In mid 1914, countries across the world began to wage war with one another. Although, not all countries were immediately involved, many European countries began to battle one another. With the development of industry, many western countries were able to develop sophisticated equipment to fight with. There were advancements in chemical agents, machine guns, flamethrowers, tanks, submarines, and aircraft.[1] The weapons developed were to help countries battle in the land, the air, and the sea to effectively control and win battles. The uses of these weapons proved to be effective, yet costed the lives of millions of soldiers throughout World War I. The advancement in weaponry and the “short-war Illusion” gave the Great Powers of Europe and England, the belief that war would be swift and just. However, the advent of trench warfare would be an unexpected turn to those beliefs.[2]

In the fight on land, trench warfare became an increasingly common sight around Europe.
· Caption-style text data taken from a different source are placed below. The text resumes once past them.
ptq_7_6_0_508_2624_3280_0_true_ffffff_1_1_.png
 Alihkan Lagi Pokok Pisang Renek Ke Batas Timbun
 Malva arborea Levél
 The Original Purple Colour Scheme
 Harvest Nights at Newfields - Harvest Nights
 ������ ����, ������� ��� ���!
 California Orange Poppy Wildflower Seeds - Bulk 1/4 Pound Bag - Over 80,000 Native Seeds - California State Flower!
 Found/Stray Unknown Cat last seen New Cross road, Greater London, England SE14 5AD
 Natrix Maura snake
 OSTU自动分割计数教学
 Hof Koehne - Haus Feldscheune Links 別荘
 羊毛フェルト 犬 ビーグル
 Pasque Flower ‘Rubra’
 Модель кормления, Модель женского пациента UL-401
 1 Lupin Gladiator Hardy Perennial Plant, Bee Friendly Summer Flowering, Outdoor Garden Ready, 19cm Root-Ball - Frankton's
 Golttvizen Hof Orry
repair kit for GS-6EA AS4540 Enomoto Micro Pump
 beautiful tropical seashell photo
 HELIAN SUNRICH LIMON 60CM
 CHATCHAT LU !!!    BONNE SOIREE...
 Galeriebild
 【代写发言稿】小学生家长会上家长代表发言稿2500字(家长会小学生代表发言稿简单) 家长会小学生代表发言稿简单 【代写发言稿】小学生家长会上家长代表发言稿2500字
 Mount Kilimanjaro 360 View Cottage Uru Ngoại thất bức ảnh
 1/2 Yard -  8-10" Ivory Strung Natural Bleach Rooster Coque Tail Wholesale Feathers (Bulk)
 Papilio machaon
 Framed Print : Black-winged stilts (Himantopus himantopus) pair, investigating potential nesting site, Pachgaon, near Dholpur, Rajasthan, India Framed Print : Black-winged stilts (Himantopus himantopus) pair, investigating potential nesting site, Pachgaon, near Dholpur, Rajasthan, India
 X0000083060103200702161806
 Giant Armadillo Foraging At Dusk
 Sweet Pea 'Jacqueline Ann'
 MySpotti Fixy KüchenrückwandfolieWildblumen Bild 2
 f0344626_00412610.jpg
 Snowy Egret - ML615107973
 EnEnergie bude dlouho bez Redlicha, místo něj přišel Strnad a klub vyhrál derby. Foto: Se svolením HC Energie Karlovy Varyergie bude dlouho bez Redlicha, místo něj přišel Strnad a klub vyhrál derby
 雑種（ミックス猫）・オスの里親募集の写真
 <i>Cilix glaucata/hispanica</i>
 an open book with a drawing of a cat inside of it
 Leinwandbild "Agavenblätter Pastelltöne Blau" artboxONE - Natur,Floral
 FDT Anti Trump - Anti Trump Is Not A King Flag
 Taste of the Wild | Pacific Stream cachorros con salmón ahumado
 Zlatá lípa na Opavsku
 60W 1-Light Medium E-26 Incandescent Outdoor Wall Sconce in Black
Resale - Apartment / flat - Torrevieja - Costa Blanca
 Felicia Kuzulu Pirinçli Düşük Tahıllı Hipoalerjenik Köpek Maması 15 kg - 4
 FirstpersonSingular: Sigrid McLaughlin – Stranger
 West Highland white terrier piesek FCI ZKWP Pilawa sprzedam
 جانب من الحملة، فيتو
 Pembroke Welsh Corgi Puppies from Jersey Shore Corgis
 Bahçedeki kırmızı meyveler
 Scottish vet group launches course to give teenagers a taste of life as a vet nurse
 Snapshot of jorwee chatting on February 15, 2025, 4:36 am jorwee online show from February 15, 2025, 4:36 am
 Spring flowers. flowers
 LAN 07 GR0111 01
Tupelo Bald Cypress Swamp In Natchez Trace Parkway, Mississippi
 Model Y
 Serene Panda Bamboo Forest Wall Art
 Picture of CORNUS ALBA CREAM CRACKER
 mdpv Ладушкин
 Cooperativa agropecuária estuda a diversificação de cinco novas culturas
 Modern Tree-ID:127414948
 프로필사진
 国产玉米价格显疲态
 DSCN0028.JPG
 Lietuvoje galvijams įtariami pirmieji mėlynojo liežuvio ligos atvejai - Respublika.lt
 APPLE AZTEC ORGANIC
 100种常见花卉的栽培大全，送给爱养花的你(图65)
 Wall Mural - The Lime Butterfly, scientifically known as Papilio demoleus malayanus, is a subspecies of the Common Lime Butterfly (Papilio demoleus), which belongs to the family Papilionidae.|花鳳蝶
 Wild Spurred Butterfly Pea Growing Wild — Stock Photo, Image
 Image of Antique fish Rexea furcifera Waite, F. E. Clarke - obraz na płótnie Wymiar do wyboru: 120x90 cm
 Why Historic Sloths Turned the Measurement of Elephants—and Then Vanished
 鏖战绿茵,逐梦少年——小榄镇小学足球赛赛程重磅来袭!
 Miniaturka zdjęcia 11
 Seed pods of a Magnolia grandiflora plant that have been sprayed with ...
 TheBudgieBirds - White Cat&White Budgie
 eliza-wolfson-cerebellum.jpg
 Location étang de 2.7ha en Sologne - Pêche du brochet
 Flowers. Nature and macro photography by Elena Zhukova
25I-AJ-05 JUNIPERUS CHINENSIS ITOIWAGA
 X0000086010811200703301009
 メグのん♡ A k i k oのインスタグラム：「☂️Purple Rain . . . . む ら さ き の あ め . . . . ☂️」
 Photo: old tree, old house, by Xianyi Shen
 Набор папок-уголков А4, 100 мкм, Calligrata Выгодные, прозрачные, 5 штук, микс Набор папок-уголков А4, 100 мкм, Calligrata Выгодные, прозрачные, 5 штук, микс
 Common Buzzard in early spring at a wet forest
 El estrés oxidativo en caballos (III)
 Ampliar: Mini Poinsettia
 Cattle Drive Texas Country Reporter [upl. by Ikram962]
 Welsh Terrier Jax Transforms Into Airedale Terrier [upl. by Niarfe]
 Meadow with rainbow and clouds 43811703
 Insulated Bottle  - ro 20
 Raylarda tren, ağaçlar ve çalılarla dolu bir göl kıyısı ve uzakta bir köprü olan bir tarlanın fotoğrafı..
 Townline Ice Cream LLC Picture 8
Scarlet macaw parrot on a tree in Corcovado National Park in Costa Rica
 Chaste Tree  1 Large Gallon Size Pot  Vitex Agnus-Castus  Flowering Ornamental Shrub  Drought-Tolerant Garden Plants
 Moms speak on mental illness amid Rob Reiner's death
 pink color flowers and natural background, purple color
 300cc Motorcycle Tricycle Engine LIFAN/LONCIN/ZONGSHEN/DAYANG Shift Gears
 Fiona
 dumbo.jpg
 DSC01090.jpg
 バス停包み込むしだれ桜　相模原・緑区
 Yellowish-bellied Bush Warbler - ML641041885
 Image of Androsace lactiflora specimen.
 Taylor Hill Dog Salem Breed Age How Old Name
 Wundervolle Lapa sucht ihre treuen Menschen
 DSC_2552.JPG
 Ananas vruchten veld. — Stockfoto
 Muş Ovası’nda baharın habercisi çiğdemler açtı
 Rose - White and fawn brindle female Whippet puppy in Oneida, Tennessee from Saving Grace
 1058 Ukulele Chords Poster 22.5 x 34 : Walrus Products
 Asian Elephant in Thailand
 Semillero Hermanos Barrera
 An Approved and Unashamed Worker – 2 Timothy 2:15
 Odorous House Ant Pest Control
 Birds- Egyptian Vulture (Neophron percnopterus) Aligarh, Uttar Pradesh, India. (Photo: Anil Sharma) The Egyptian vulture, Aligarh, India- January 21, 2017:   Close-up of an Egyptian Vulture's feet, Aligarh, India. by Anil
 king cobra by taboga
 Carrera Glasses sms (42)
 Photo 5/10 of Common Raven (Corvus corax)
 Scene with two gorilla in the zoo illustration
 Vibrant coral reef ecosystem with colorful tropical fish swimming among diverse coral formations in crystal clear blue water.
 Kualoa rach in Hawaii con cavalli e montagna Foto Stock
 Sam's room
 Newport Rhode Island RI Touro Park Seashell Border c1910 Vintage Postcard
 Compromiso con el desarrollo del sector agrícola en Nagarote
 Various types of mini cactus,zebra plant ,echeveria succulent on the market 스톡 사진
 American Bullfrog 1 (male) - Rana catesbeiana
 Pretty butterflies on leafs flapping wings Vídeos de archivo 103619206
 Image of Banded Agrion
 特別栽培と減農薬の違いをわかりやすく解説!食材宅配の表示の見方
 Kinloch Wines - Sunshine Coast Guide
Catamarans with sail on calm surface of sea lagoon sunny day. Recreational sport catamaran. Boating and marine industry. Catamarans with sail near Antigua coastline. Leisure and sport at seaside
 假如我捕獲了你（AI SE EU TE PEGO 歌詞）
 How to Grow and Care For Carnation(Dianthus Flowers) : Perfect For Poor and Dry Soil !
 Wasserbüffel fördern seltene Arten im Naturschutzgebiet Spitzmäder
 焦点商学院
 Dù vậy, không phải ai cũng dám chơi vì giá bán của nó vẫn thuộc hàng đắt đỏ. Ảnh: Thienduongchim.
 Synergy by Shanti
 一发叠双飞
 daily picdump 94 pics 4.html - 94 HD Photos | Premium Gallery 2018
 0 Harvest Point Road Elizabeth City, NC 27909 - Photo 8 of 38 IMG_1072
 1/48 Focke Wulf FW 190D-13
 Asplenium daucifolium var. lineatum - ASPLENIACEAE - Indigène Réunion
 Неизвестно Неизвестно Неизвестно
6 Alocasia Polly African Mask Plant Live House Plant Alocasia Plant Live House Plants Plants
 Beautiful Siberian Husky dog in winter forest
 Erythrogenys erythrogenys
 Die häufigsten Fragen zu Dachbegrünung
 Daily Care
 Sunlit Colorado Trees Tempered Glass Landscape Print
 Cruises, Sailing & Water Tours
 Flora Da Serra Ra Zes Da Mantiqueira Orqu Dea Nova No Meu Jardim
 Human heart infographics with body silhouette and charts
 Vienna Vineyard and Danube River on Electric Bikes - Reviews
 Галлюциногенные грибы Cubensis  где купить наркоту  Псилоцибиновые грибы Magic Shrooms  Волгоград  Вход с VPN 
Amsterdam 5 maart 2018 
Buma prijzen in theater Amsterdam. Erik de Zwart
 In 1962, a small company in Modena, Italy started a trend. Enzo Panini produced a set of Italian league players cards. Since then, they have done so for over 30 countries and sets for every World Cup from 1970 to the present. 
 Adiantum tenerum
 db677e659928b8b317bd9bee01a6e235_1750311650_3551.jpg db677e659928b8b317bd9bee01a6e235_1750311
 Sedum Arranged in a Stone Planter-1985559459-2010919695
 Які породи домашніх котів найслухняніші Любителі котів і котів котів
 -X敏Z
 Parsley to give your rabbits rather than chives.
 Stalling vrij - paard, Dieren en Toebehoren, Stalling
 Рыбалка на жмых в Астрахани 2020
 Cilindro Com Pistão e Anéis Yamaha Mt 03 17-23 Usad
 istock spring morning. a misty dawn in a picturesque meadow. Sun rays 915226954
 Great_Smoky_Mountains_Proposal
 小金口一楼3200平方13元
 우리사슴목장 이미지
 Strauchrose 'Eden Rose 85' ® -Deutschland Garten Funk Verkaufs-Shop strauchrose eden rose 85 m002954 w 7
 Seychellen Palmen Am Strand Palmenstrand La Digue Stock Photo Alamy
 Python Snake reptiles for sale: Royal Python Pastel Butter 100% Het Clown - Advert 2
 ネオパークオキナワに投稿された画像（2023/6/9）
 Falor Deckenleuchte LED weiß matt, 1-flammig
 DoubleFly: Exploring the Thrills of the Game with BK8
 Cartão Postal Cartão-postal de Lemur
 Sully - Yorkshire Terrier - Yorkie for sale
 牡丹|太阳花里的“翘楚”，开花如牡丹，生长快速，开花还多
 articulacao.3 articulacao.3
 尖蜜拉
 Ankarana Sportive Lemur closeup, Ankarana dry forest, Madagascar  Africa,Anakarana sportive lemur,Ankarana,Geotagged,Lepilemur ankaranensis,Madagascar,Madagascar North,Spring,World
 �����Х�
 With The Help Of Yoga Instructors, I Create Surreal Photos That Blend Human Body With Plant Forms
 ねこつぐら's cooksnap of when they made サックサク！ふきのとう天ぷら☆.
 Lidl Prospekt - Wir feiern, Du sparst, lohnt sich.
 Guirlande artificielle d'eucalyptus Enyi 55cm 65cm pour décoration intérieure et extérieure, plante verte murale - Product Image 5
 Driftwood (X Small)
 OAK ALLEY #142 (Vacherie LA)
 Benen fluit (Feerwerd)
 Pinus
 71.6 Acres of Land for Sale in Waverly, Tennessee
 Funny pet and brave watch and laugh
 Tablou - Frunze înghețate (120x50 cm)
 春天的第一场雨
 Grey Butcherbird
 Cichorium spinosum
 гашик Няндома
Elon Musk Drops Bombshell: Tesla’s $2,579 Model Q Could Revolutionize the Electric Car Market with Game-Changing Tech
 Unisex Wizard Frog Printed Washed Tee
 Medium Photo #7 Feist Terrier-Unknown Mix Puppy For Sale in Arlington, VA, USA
Not long after Germany attempted to encircle Paris were some of the first trenches seen.[3] These trenches is where advances in artillery, machine guns, barbed wire, and chemical agents proved to be effective in killing, but also producing stand offs. These periods of static lines allowed for adaptations in fighting. Machine guns became common sight and sound. Enemies would fear the sound of the ever cutting machine gun. “Some believed it would even replace the rifle.”[4] The machine guns, however, were developed prior to the war and were mostly based off an 1884 model.[5] Advancements in artillery also brought increased destruction and increased the number of casualties. Artillery had killed more during the Great War than any other weapon of its time.[6] The artillery piece had received its lethality from improvements to the weapons range, variations of ammunition, and design that allowed for increased accuracy.[7]  Originally designed by the British, the advent of the tank also became and increasingly dominant weapon. Although, not until later in the war did the tank play a crucial war in battles. The First of which was by France on 23 October, 1917, where 76 tanks were successfully massed and employed in the battle of Malmaison. The largest of the Great war, however was the battle of Cambrai where more than 470 tanks were deployed by the British.[8] Land weapons were some of the most lethal of the time, however, another weapon delivery system was developed that changed the tides of war.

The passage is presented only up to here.